The pictures found in the portfolio here--"Nature's 'Invisible' Abstracts"--begin with my macro photos of metal. Then, I work on the photos with art software.
I have come to believe that the impact of contemporary digital art is somewhat akin to what the early Impressionists were trying to achieve in the 1870s. I am not an Impressionist even though I use a digital impressionist brush. I have liked the Impressionist style for decades because of the greater sense of real life they tried to represent in their paintings; the methods they used which dealt with light, color, form and motion; and their contextualization of nature.
In my art, I cross bounds in many different ways than those with which early Impressionists approached theirs. I strive to bring some sense of "real life" as I capture images in my macro photos. However, I don't look at "real images" in nature for this portfolio. Rather, I have found that nature often reveals it's "invisible" abstract art through the macro photographs of metal and other natural resources that I capture with my camera. I select those which have the potential to illustrate landscapes, seascapes, setting moons, rising suns, etc. and transform these via computer software.

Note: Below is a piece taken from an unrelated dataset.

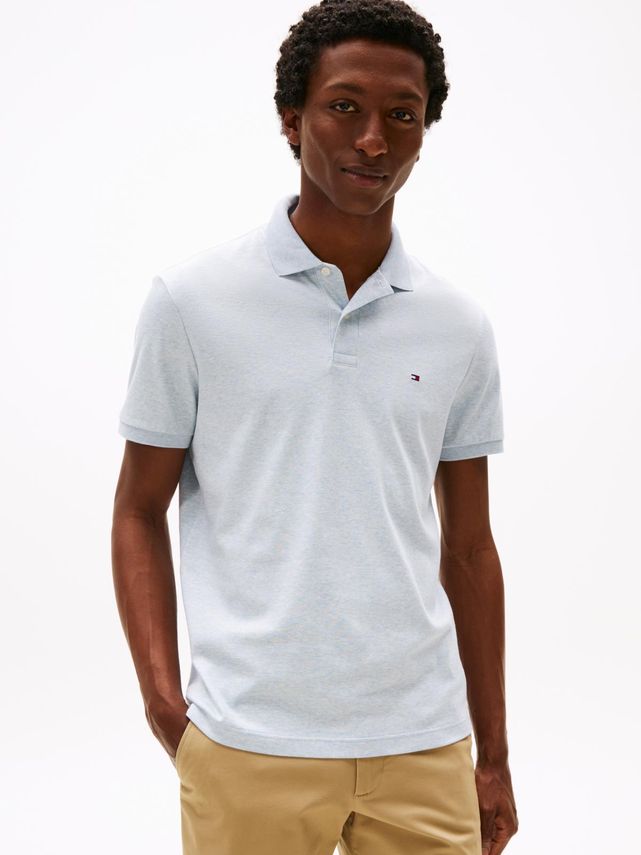 Liquid Cotton Reg Seasonal Polo fra Tommy Hilfiger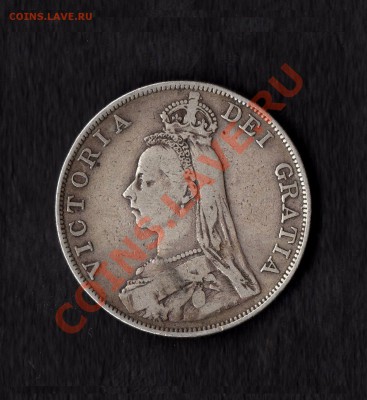 двойные флорины 1887г. и 1889г. оценка - victoria-large-sterling-silver-double-florin-jubilee-head-1889-f-m083-[2]-329-p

I work to change the realism of a photo to a "feeling" of an image or scene with digital brush strokes. I don't try to represent the exact colors of nature. I strive to express different impressions and sense experiences of nature through my selection of different colors. Whenever possible, I try to compose pictures in a way such that it pushes the viewer to see things from a different angle, f.i. as if one feels like they are looking upward as trees reach upward to the sky. My work with digital painting essentially explores ways to best represent motion, color, lines, shadows, dimensionality and light.